Le soleil joue un rôle important : il
révèle et réveille la sensualité de
Cécile : « comme tous les matins, le soleil baignait mon lit,
j'ôtais ma veste de pyjama et offris mon dos nu au soleil ... le soleil
était doux et chaud, il me semblait qu'il prenait un soin spécial
à me réchauffer » (page 125)
Il souligne aussi la différence entre Anne et Elsa. Au
début du roman, Elsa est « cramoisie » sa peau est
« brulée », mais lorsqu'elle tente de
reconquérir Raymond, elle est « dorée ».
Le soleil est aussi synonyme de joie, et son absence synonyme de
contrariétés : Quand Cécile commence à
déprimer, elle est enfermée « dans la pénombre,
les volets clos » (page 77). De même quand Raymond apprend la
mort d'Anne : « mon père ferma les volets »
(page 151). Lors de l'enterrement d'Anne, c'est un « beau
soleil » mais associé au noir (page 152).
Certains objets ont une valeur symbolique : ils
éclairent le personnage et révèlent son univers mental.
La voiture procure à la fois du plaisir et de la
douleur : « Cette voiture était si douce, si bien
suspendue, si faite pour le sommeil... ».
Elle unit Raymond et Anne : « le casino
était grand, j'en fis deux fois le tour, sans résultat. Je passai
la revue des terrasses et pensai enfin à la voiture » (page
49).
Elle est un symbole de liberté : « J'aimais
sa voiture: c'était une lourde américaine décapotable.

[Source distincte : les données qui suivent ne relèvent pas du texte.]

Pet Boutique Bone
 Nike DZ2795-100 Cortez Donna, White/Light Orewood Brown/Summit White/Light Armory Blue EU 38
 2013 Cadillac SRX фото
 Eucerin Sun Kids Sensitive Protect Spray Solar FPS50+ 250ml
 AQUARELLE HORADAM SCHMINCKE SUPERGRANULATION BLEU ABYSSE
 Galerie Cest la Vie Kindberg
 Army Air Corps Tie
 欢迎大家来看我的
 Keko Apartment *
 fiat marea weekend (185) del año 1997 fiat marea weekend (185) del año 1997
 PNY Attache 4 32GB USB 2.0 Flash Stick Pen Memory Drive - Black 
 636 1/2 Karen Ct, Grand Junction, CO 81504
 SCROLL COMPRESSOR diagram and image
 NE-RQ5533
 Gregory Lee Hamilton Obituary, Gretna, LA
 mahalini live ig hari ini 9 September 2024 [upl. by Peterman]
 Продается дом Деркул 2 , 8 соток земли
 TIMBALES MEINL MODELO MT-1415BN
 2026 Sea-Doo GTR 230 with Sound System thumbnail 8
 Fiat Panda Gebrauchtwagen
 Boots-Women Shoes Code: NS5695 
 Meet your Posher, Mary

[...] Tous les trois devant, soumis au même plaisir de la vitesse et du
vent » (page 118)
Mais aussi un symbole de mort : Anne meurt dans un accident
de voiture.
La cigarette marque la décadence et la liberté
de Cécile, mais c'est aussi un palliatif à la gêne et
à la douleur: Cécile y a recours quand elle est face à
Anne « je pris une cigarette sur la table » (page
102), et quand elle apprend qu'Anne est morte. « Je pris une
cigarette dans le paquet de mon père, l'allumai. » (page
147)
Le personnage est aussi ancré dans un milieu culturel,
historique et social qui détermine ses pensées et contribue
à le définir. Cela souligne la dépendance de la personne
humaine au cadre dans lequel elle vit et qui l'imprègne.